Regulation needed as digital assets play a bigger role
Digital assets could contribute $68.4 billion to the Australian economy and employ more than 200,000 people by 2030, according to a new report.
The report, commissioned by digital infrastructure provider Mawson Infrastructure Group and compiled by EY, states that digital assets will contribute $2.1 billion to the economy and employ 11,600 people in 2021.
It adds that digital assets may have even reduced electricity price volatility and assisted in the transition to renewable energy this year.
“Digital assets and infrastructure are critical ingredients to Australia’s digital and economic future,” says James Manning, CEO and founder of Mawson.
“We are at a crossroads. As an industry, we desperately need a fit-for-purpose policy and regulatory framework to provide greater security and certainty to consumers and the crypto industry.
“The Bragg Report recommendations, in particular, represent a significant coming together of industry, regulators and government. The Bragg recommendations, if adopted, will revolutionise the Australian crypto sector and improve consumer protection, therefore driving innovation, confidence and growth in the sector.”
EY Oceania strategy and transactions partner, Steve Brown, agrees. “Overall, our analysis finds that the cryptocurrency and digital asset sector could provide significant economic benefits to the Australian economy moving forward, but that Australia does not yet have fit-for-purpose regulatory systems to promote certainty for new businesses, investors and consumers in the digital asset space,” he says.

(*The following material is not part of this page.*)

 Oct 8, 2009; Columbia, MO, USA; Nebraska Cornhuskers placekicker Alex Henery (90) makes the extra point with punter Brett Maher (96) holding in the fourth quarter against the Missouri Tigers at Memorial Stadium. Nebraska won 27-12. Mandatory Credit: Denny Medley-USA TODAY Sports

“Well-designed standards, robust regulation and the right policy settings will be needed to drive innovation while managing unfamiliar services and providing proper safeguards. This will be pivotal to unlocking benefits to businesses and consumers as financial markets become more dispersed, more digital and more crypto-intensive.”
The report, titled Cryptocurrency and The Distributed Digital Economy in Australia, was commissioned in response to the Senate Committee final report titled Australia as a Financial and Technology Centre, released in October.
Senator Andrew Bragg chaired the Senate Select Committee’s inquiry. In the final phase of the inquiry, the committee examined the regulation of digital assets in Australia, “de-banking” practices affecting Australian fintechs and other businesses, and several other issues relating to Australia's position as a technology and financial centre. Its final report makes 12 recommendations across these areas.